I biked through a lovely little pocket park the other day, nestled at the foot of the High Bridge in Saint Paul. I was having a thoughtful day and stopped to settle on a stone bench. 

The park holds some fine public art in its small footprint, including an enormous green chair, the original of which was once displayed at the Walker Art Center. While I sat to think, a woman and her granddaughter approached and enlisted me to take a photo as they clambered up to its oversized seat. “Thanks!” she said. “I have a picture of her mother here, too!” 

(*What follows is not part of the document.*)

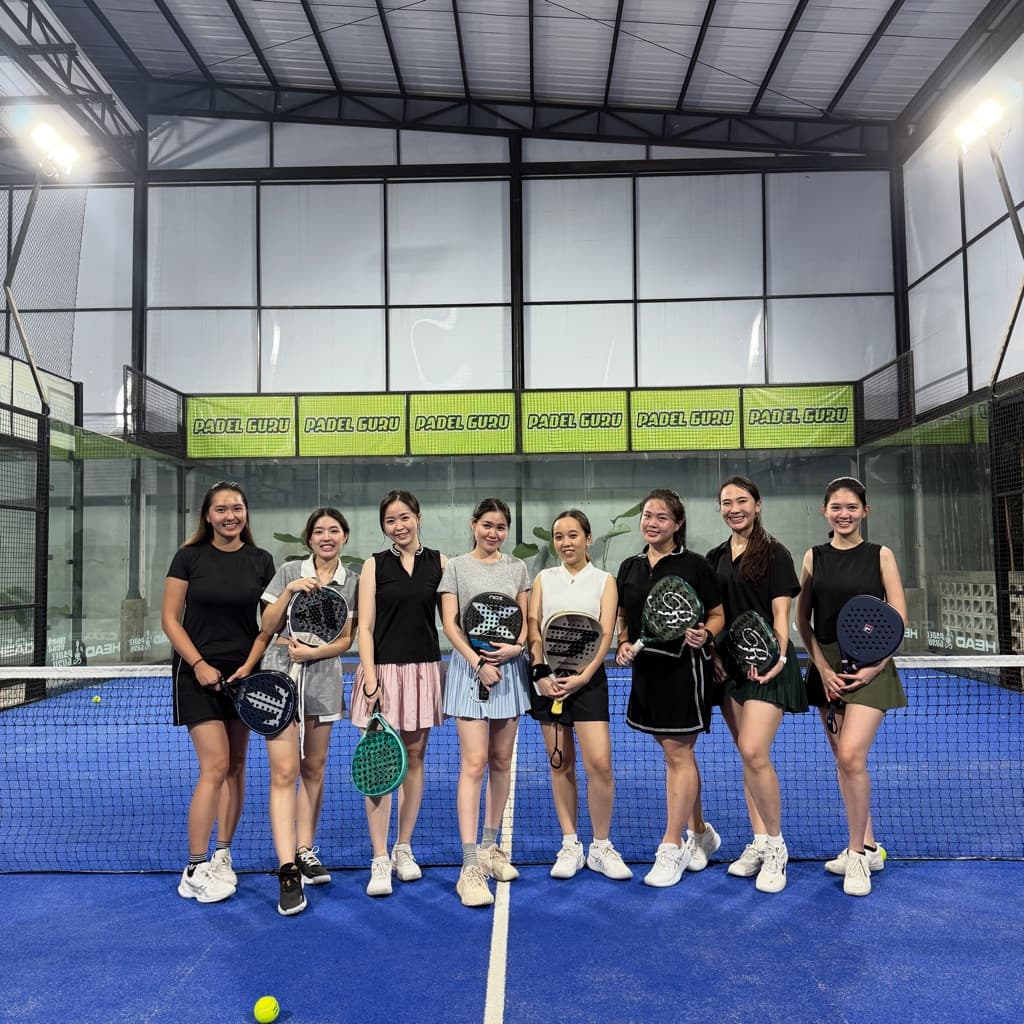 Padel Bajideh media 6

Their excitement brightened the day, but it was something else that caught me. The park contains a sculpture of rock and metal, including a  salvaged baptismal gate that was originally in St. Stanislaus Kostka Catholic Church. The church, mere blocks away, was founded in 1872 by Czech-Slovak and Polish immigrants and is still central to the community; in the neighborhood, they call it St. Stan. 

The gate is a remnant of an immigrant church and its way of welcoming babies into its religious community. Through it, behind it, the ground growth is luxuriant, and somewhat untended. Up through the weeds were two pale pink poppies, lovely in color, fragile of petal, brief in flower. And indomitable, making their way up through the spiky underbrush to give passersby a moment of beauty and consideration. They were not easy to see, and all the more surprising for that.

Poppies self-sow. I would propose a theory: that humans alert to the possibility of beauty tend to the same. One small beauty leads to another. One’s eye sharpens for the lovely, even when it springs from the weeds. Soon you see it everywhere.